Problématique : Comment Fontenelle réussit-il à instruire en même temps qu’à divertir, en alliant le savoir scientifique à la fantaisie galante et ironique ?
I. Une vulgarisation scientifique claire et plaisante
Un cadre narratif léger : le voyage imaginaire dans le système solaire rend la science accessible et poétique.
La clarté de l’exposé scientifique : données astronomiques précises sur la rotation, la taille et l’orbite de Vénus, présentées dans une langue simple et imagée.
La comparaison familière : Fontenelle transpose les savoirs complexes dans l’univers aristocratique, mêlant astronomie et conversation mondaine pour séduire son lecteur.
II. L’humour et l’ironie comme moteur de réflexion
Renversements comiques : Vénus apparaît « jolie de loin, affreuse de près », ce qui ridiculise les illusions sensibles et mythologiques.
La caricature des Anciens et des clichés : l’évocation des habitants imaginaires de Vénus tourne en dérision les excès de l’imagination et des stéréotypes.
Un ton badin : la légèreté de la conversation rend l’instruction agréable et empêche toute austérité scientifique.
III. La fantaisie poétique et galante au service du savoir
La projection mondaine de la Marquise : elle colore l’entretien de références romanesques (Céladon, Clélie), transformant Vénus en planète de galanterie.

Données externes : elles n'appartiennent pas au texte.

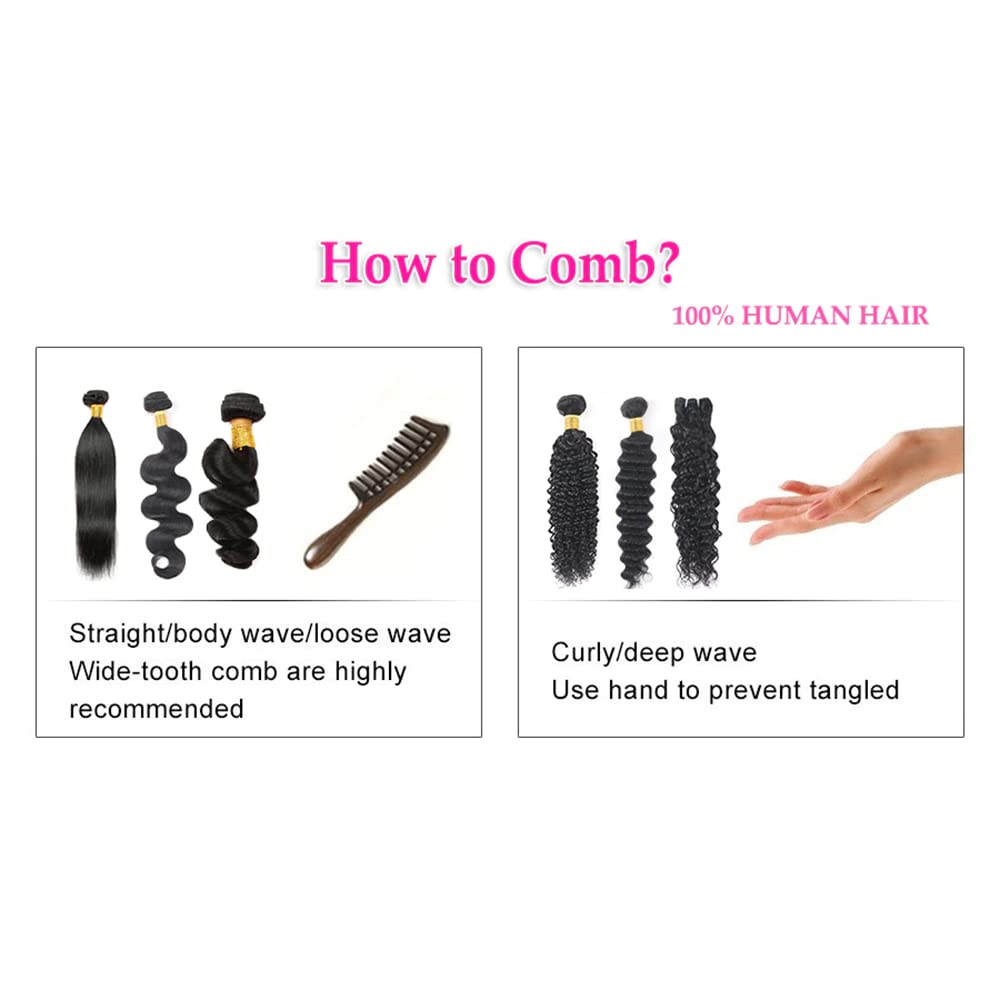 24 26 28 inch 1b99j Burgundy Bundles Human Hair Burgundy Deep Wave Bundles Double Weft Human Hair Bundles Two Tone Black To Wine Red Deep Wave Unprocessed Brazilian Hair Extensions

Le jeu des stéréotypes culturels : exotisme des « Mores grenadins », satire des représentations sociales et des préjugés.
Une dialectique féconde : l’échange constant entre imagination féminine et rigueur masculine dynamise le texte, révélant que l’imaginaire peut stimuler la réflexion scientifique.
Dans ce passage du Quatrième soir, Fontenelle déploie un art subtil de la vulgarisation : il rend la science séduisante en l’habillant de fantaisie galante, tout en ridiculisant les illusions naïves. Grâce au mélange d’humour, de clarté et de poésie, la découverte de Vénus devient à la fois une leçon d’astronomie et un divertissement littéraire.
Ouverture : Ce souci d’instruire en plaisant rappelle Montaigne qui, dans les Essais, cherchait déjà à « philosopher en riant », mais il annonce surtout l’esprit des Lumières, où la diffusion du savoir devait aller de pair avec l’agrément et la clarté.
Notes
- Céladon et Silvandre sont des personnages de L’Astrée (1607-1627) d’Honoré d’Urfé, roman pastoral emblématique de la préciosité.
- « Mores grenadins » : expression désignant les Maures d’Espagne, figures d’exotisme fréquentes dans la littérature du XVIIᵉ siècle.